**Task description:** In the records below, find the line with "Jefferson, Texas Historic" and the line with "Last Night in"; return exactly those lines and every line between them.

**Input for this task:**
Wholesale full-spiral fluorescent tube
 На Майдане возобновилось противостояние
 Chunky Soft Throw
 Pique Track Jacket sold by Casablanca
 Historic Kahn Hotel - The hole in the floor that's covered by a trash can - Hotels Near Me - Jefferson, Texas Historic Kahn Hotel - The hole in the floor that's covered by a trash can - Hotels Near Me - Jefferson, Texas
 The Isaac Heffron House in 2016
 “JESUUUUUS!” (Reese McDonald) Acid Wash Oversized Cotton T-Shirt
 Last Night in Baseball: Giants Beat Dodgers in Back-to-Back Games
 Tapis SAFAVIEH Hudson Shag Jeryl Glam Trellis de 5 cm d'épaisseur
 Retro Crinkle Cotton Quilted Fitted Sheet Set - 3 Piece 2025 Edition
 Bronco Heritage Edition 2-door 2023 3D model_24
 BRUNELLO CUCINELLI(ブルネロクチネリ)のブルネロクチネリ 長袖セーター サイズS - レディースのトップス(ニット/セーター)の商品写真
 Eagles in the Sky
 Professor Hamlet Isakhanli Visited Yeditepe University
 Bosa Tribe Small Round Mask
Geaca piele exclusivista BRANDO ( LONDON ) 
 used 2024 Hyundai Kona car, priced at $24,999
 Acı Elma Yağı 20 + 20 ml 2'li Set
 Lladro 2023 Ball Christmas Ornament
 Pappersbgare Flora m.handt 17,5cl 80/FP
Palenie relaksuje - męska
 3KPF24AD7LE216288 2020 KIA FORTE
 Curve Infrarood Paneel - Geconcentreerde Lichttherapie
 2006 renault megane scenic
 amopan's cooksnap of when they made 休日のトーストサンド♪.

**Exercise solution:**
 Historic Kahn Hotel - The hole in the floor that's covered by a trash can - Hotels Near Me - Jefferson, Texas Historic Kahn Hotel - The hole in the floor that's covered by a trash can - Hotels Near Me - Jefferson, Texas
 The Isaac Heffron House in 2016
 “JESUUUUUS!” (Reese McDonald) Acid Wash Oversized Cotton T-Shirt
 Last Night in Baseball: Giants Beat Dodgers in Back-to-Back Games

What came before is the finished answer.